5-10× faster on TB-scale restores than monolithic pg_restore.

Recipe 6 — Selective restore via `--list` + `--use-list`

# Generate TOC
pg_restore --list /backup/mydb.dir > toc.txt

# Comment out unwanted items (prepend ;)
# Then restore
pg_restore --use-list=toc.txt -d target /backup/mydb.dir

Useful when migrating partial schemas, skipping one bad object, or filtering by object type.

Recipe 7 — Force restore on existing cluster

pg_restore --clean --if-exists -d existing_db /backup/mydb.dir

Drops every object first using DROP ... IF EXISTS. Without --if-exists, missing objects produce errors. Without --clean, CREATE collides with existing objects.

Recipe 8 — PG14+ extension scoping

pg_dump --extension=postgis -f postgis-only.sql mydb

Only objects defined by postgis extension. Useful when migrating extension data between clusters with different extension versions.
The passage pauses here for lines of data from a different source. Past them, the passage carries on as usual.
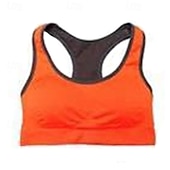 economico Reggiseni sportivi-Per donna Supporto leggero Reggiseni sportivi Reggiseno da corsa Scollatura posteriore Buon top Imbottito Fitness Attività ricreative Corsa Traspirante Leggero Morbido Nero Blu Fuschia Tinta unita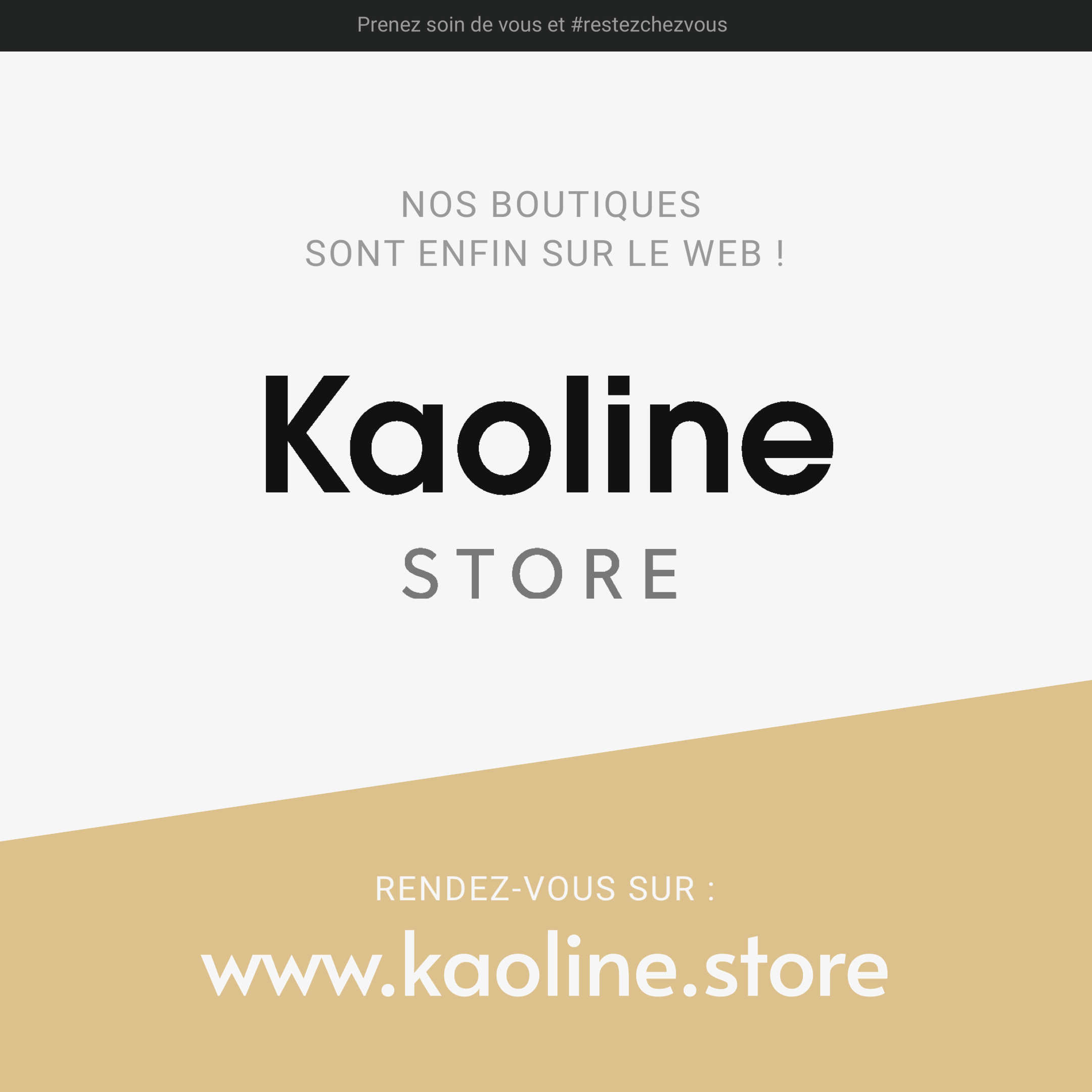 Kaoline visual identity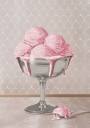 Sweet Pink Meltdown Plakat / 50x70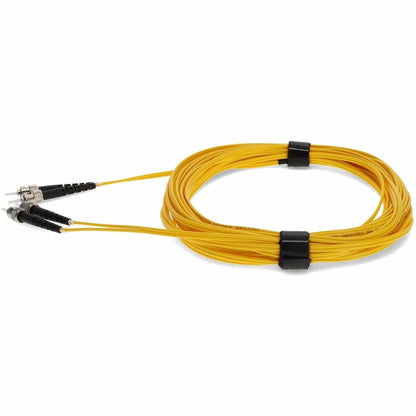 AddOn 5m Single-Mode fiber (SMF) Duplex ST/ST OS1 Yellow Patch Cable ADD-ST-ST-5M9SMF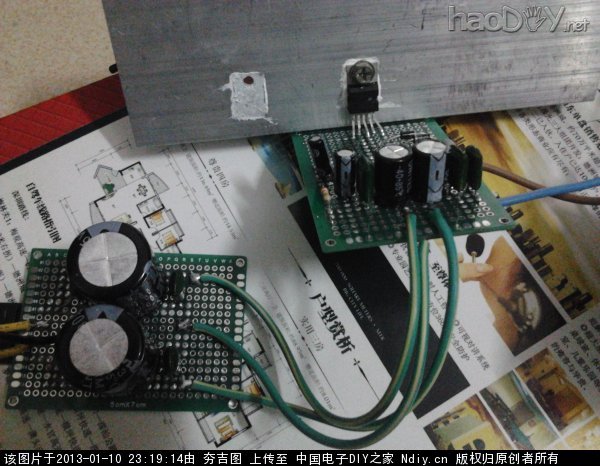 C360_2013-01-10-22-37-54.jpg 第一次用TDA2030 DIY的小功放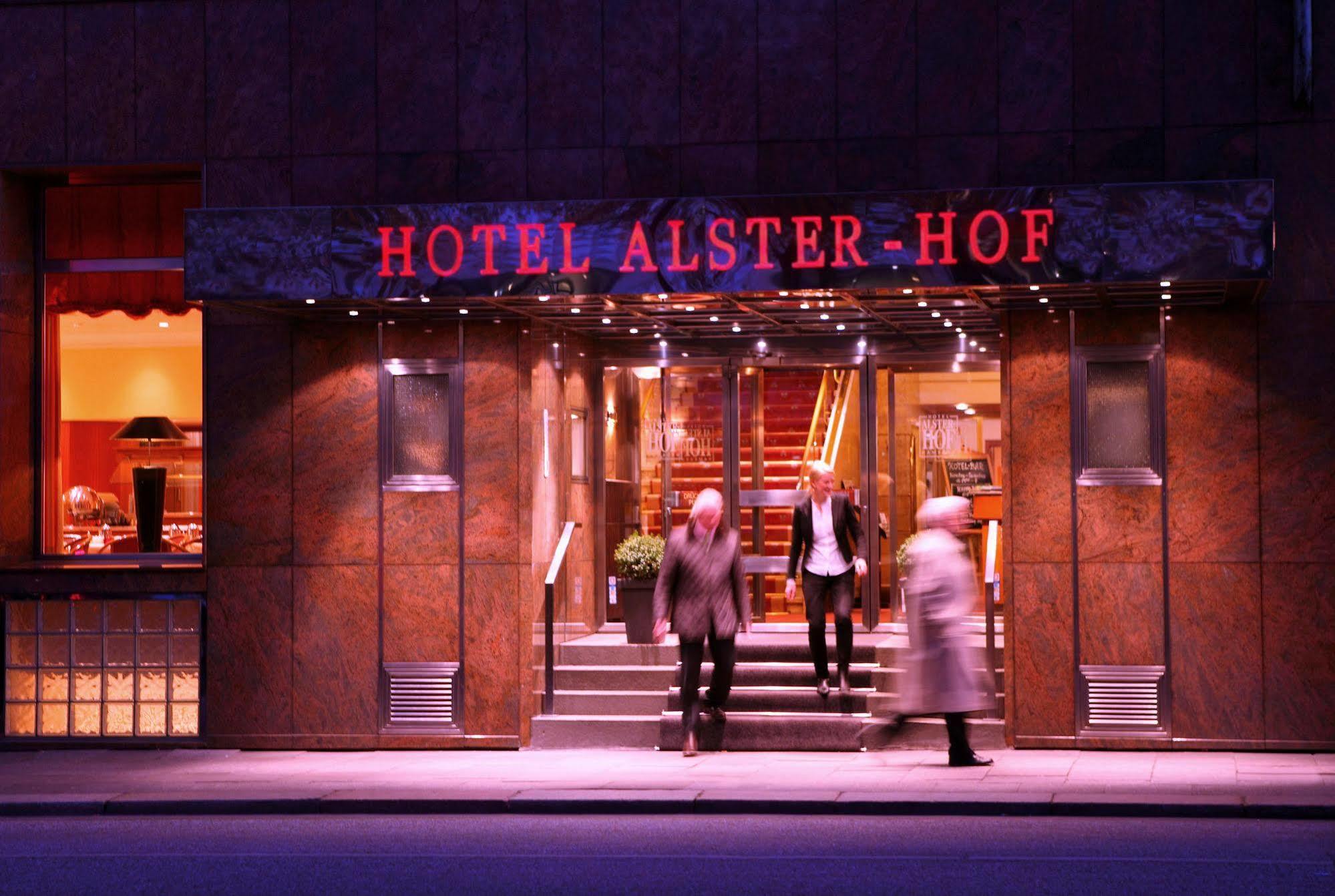 Alster-Hof Hotel Hamburg Exterior photo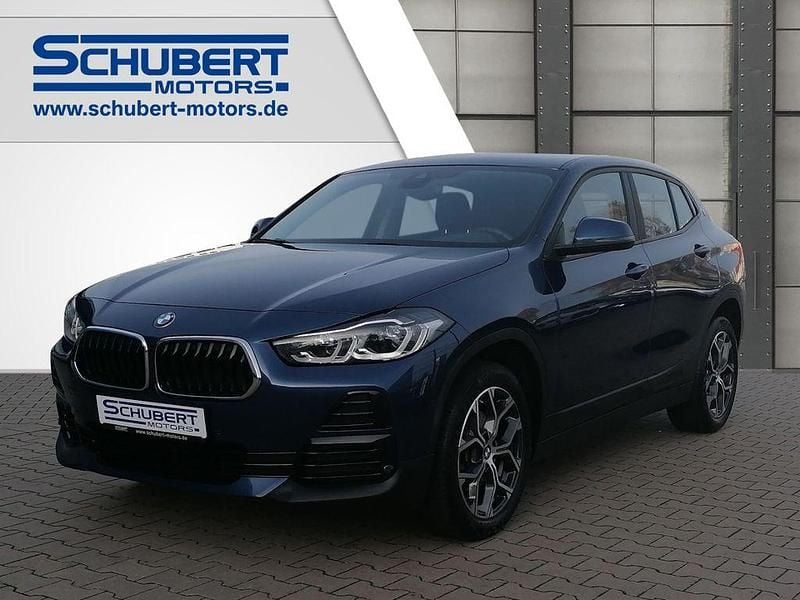 Gebraucht BMW X2 Advantage 136 PS (100 kW) 2022 Phytonicblau metallic SUV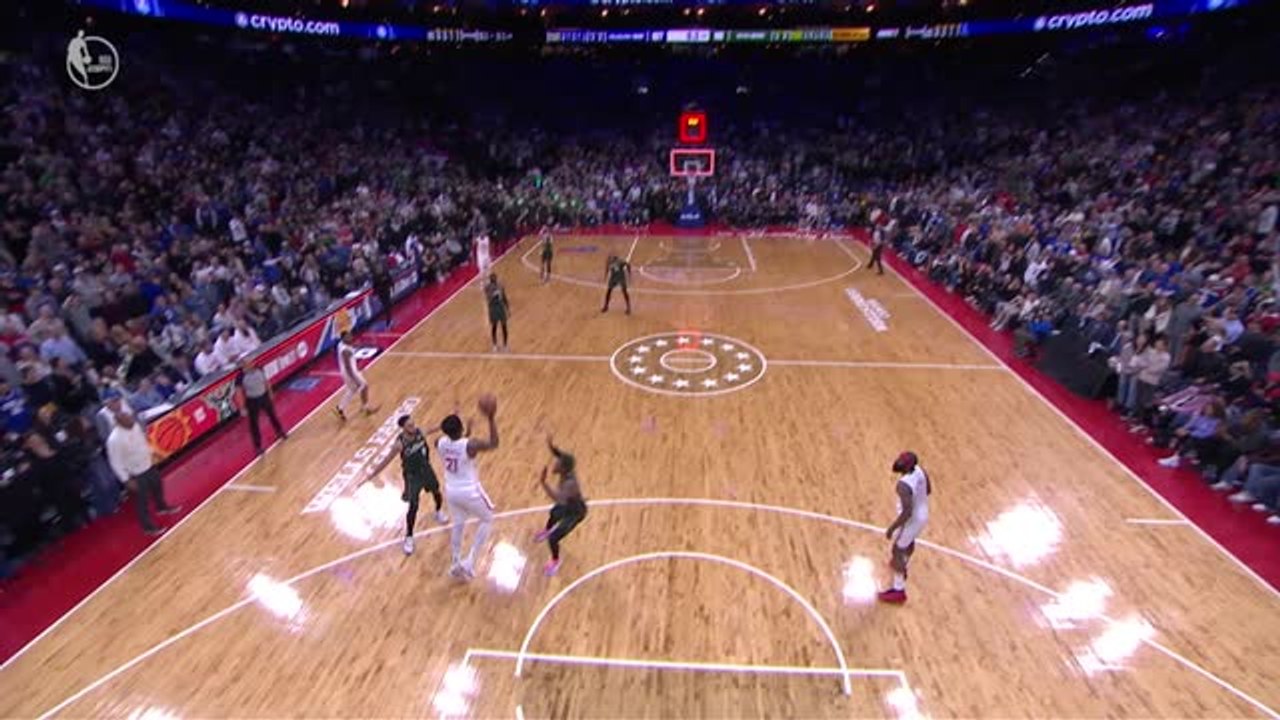 So close! Embiid denied by the buzzer in Celtics thriller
Recipe 9 — PG17+ filter file for complex include/exclude

cat > filter.txt <<EOF
include schema public
include schema analytics
exclude table_data public.audit_log
exclude table_data public.session_events
exclude extension pg_cron
EOF

pg_dump -Fd -j 4 --filter=filter.txt -f /backup/mydb.dir mydb

--filter scales beyond -t / -T repetition. One rule per line.

Recipe 10 — PG18+ preserve planner stats across restore

pg_dump -Fc --statistics -f mydb.custom mydb
pg_restore -d target mydb.custom

PG18 dumps pg_statistic + pg_statistic_ext_data. Skips extended stats objects (CREATE STATISTICS) — those still need rebuilding. Skip vacuumdb --analyze-in-stages on PG18+ for the per-column stats; still run for extended stats.³

Recipe 11 — Skip RLS policies during migration

pg_dump -Fc --no-policies -f mydb.custom mydb       # PG18+
pg_restore -d target --no-policies mydb.custom      # PG18+

Useful when target cluster has different RLS schema or you want to inspect data without policies.

Recipe 12 — Audit existing dump archive

pg_restore --list /backup/mydb.dir | head -30
pg_restore --list /backup/mydb.dir | grep -c '^[0-9]'        # Total object count
pg_restore --list /backup/mydb.dir | awk -F';' '{print $5}' | sort -u   # Object types

--list (-l) outputs the archive's table of contents without restoring. Reader can confirm what's in a backup before relying on it.

Recipe 13 — Pipe dump → restore between clusters (no intermediate file)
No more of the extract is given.